Section 2. The unanimous consent of Board of Directors then in office and of the holders all of the voting power of the issued and outstanding shares of capital stock of the Corporation then entitled to vote, shall be required to amend or repeal this Article IX.

 Item 8.01. Other Information

(a)  July 15, 2013, the Company modified its agreement with SC Capital to incorporate the changes made to the Company’s Articles of Incorporation.  As such, SC Capital agreed to the following provision:

Lock-up Agreement. The Lender agrees and acknowledges that the Borrower cannot issue Lender unregistered securities of its Company in exchange for the discharge or as payment for the debt owed under this Agreement unless:
 
i.  
Lender agrees that the shares received shall be restricted from resell or transfer for 12 months from the date that Lender receives the shares;
 
ii.  
Lender may not rely on Rule 144(d)(3)(ii) of the Securities Act of 1933 in the calculation of the 12 month holding period; and
 
iii.  
Lender may not rely on Rule 144(d)(1)(i) of the Securities Act of 1933 to shorten the holding period to 6 months from the date the Lender receives the shares.
 
 
 

 

Lender acknowledges and agrees that if Lender agrees to accept shares as repayment such shares shall carry a legend stating: “In accordance with the Company’s Articles of Incorporation, these shares are subject to a Lock-Up Agreement between the Shareholder and Capall Stables, Inc.  Pursuant to the Lock-Up Agreement these shares will not be deposited under Rule 144 Exemptions or have the restrictive legend released until a minimum of 12 months from the issuance date.”
 
(b)  July 15, 2013, the Company modified its agreement with SC Capital to incorporate the changes made to the Company’s Articles of Incorporation.  Additionally, the Company granted SC Capital a security interest in Company’s thoroughbreds.  As such, a UCC will be filed by SC Capital against the Company’s thoroughbred and will be used as collateral against the revolving line of credit.  Our CEO, Joseph Wade, has also personally guaranteed the line of credit.

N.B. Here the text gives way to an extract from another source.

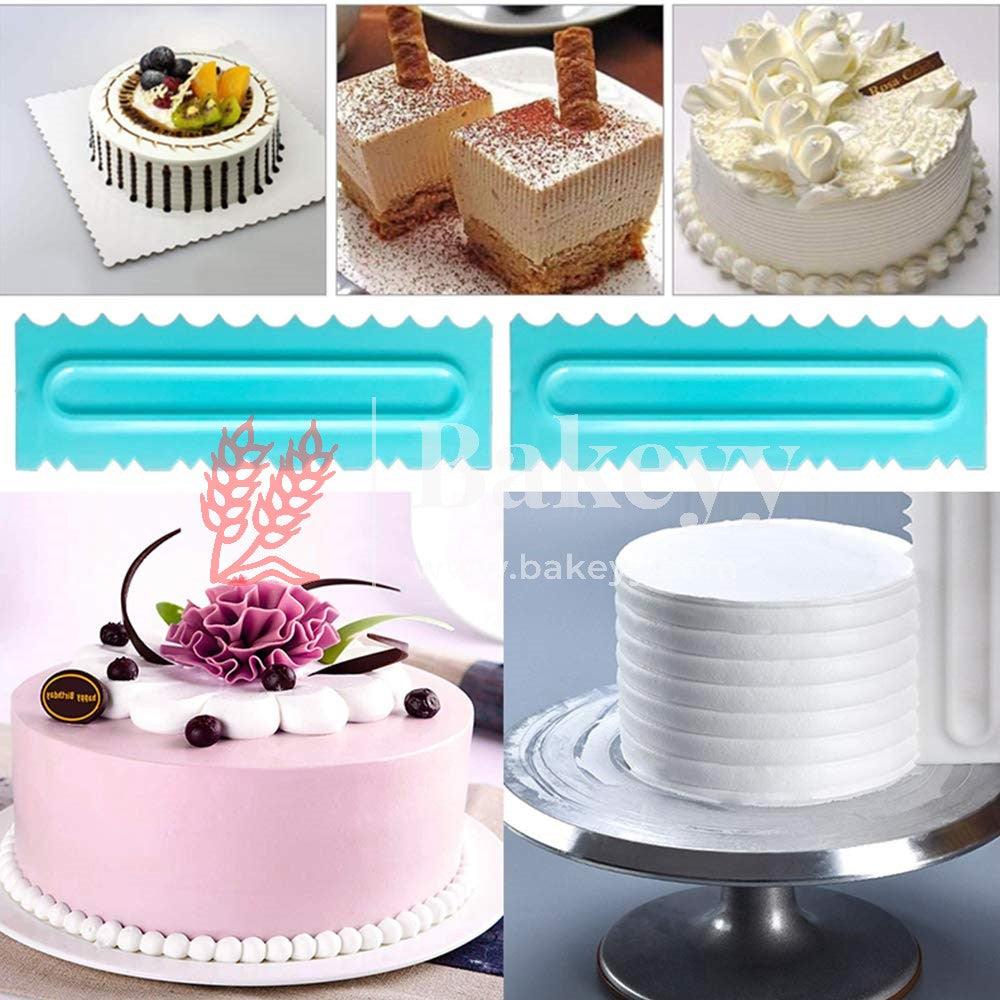 Plastic Scraper Cake Cutter, Chopper, Smoother Icing - Bakeyy.com - India - Plastic Scraper Cake Cutter, Chopper, Smoother Icing - Default Title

A copy of the Amended and Restated Articles of Incorporation, as filed with the Secretary of State of the State of Delaware on July 12, 2013, is attached hereto as Exhibit 3.1.
 
 
 
 
 

 
 
SIGNATURE
 
Pursuant to the requirements of the Securities Exchange Act of 1934, the registrant has duly caused this report to be signed on its behalf by the undersigned hereunto duly authorized.


Dated:           July 15, 2013                                                                  Capall Stables, Inc.